ACTIVITY:
Starting at the line that contains "Набор полезных продуктов, богатых", transcribe each line exactly through the end of the data below, and skip any pictures.

DATA BELOW:
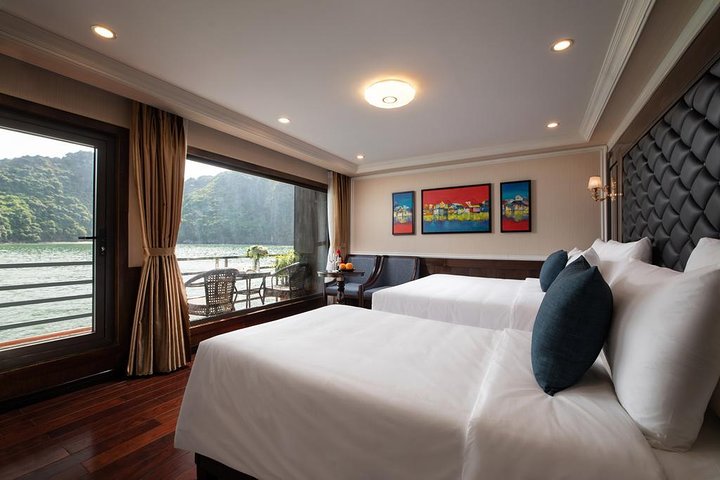 Overnachtingscruise-avontuur in Halong Bay, Vietnam, met kalkstenen karsts, grotten en activiteiten, foto 17 | wizardtrip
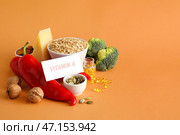 Набор полезных продуктов, богатых витамином А на цветном фоне. Стоковое фото, фотограф Pixel_shot / Фотобанк Лори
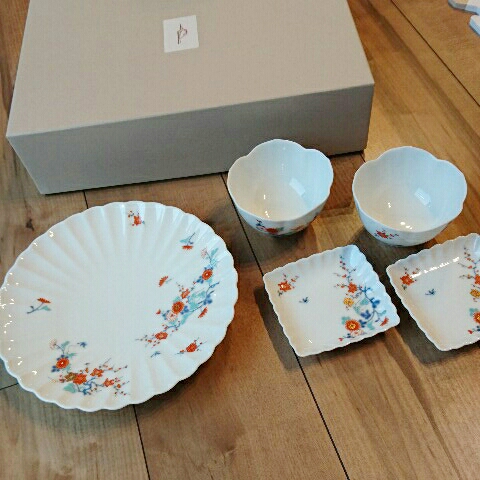 新品】【送料込み】色絵花鳥紋 有田400年セット 有田焼 深川製磁 色絵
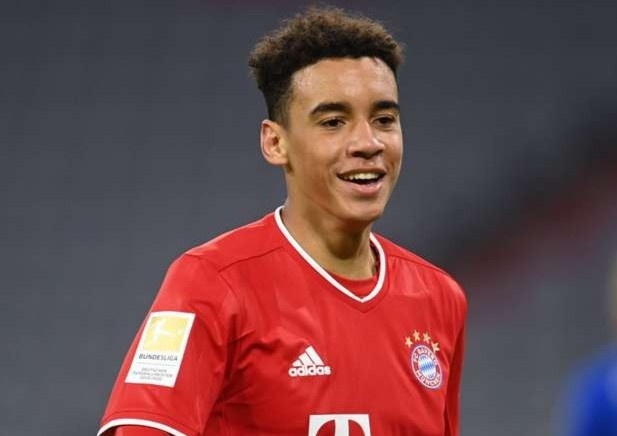 Tai nang 17 tuoi pha ky luc ghi ban o Bayern hinh anh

OUTPUT FOR THIS TASK:
 Набор полезных продуктов, богатых витамином А на цветном фоне. Стоковое фото, фотограф Pixel_shot / Фотобанк Лори
 新品】【送料込み】色絵花鳥紋 有田400年セット 有田焼 深川製磁 色絵
 Tai nang 17 tuoi pha ky luc ghi ban o Bayern hinh anh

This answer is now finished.